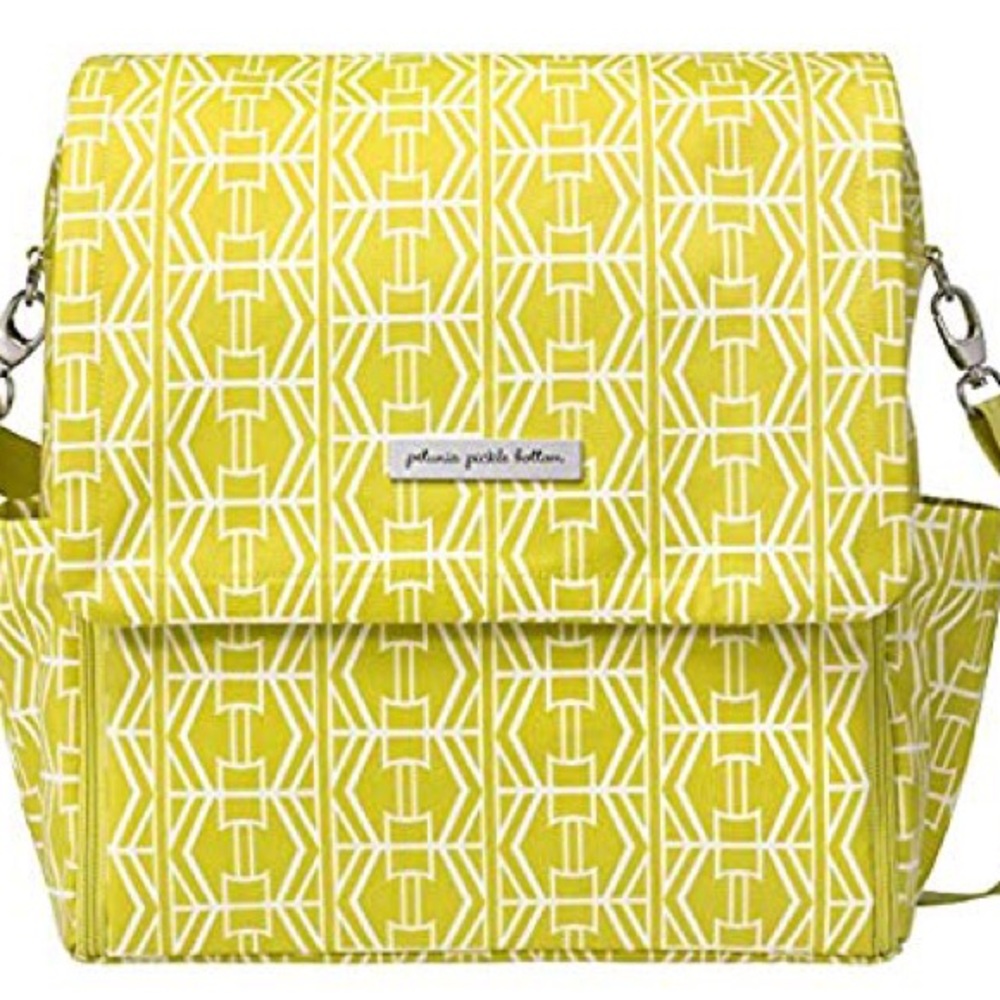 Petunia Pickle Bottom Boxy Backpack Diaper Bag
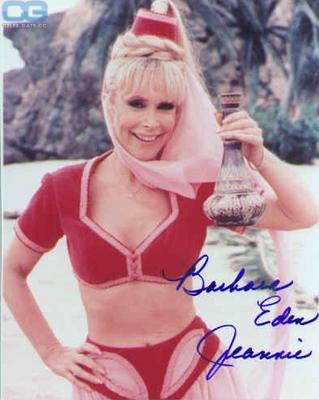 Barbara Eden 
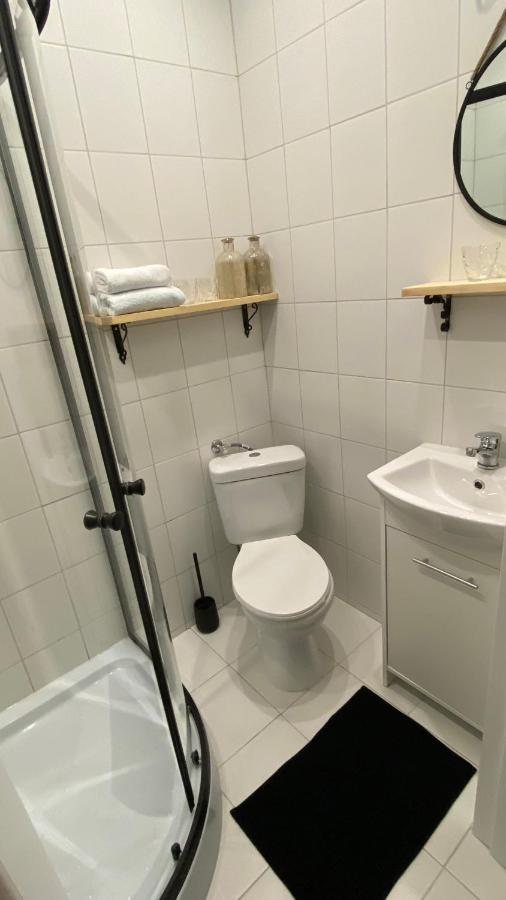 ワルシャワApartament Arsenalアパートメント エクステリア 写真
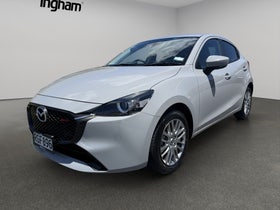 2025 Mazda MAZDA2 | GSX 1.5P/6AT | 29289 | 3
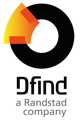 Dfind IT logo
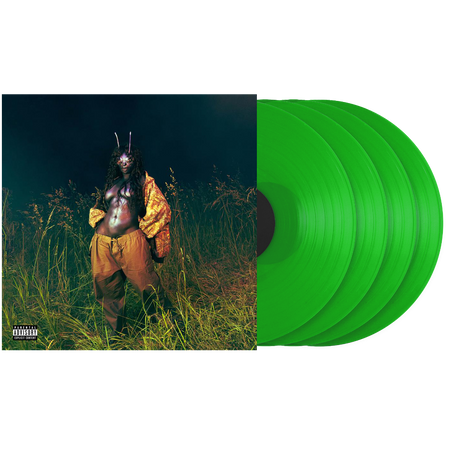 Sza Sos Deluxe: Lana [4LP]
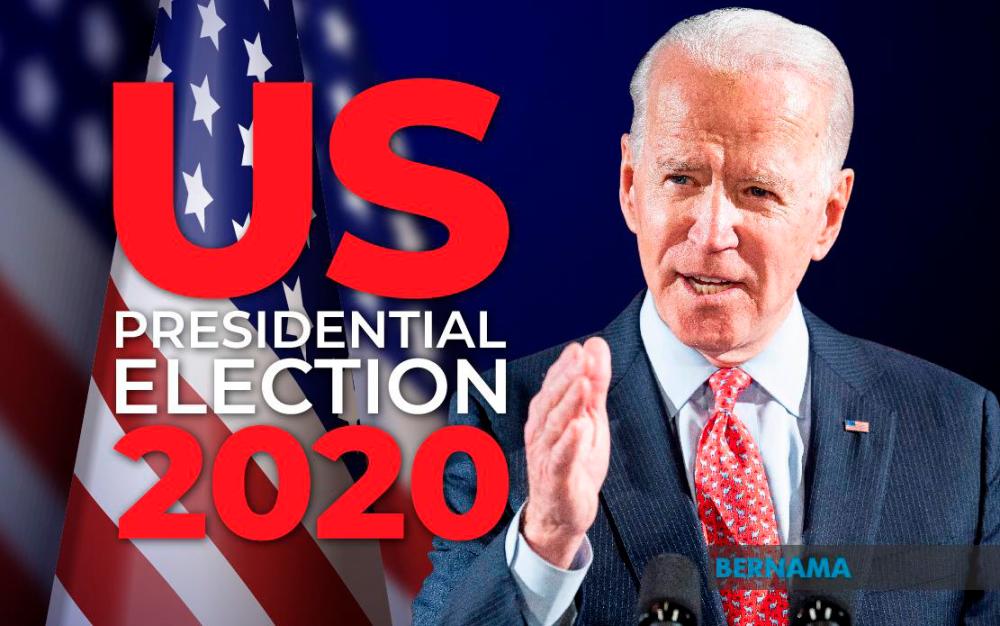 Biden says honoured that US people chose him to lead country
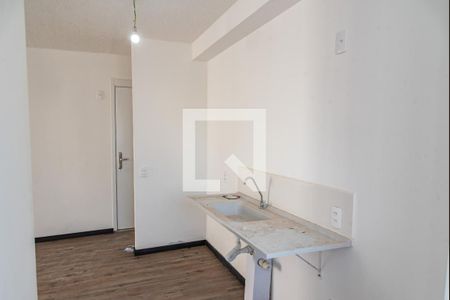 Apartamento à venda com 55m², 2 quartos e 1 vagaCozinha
--------------------------------
## Aim of the exercise
Take the records above from their first line through the line with "Biden says honoured" and set those lines down word for word, minus the pictures.

## Written reply
 Petunia Pickle Bottom Boxy Backpack Diaper Bag
 Barbara Eden 
 ワルシャワApartament Arsenalアパートメント エクステリア 写真
 2025 Mazda MAZDA2 | GSX 1.5P/6AT | 29289 | 3
 Dfind IT logo
 Sza Sos Deluxe: Lana [4LP]
 Biden says honoured that US people chose him to lead country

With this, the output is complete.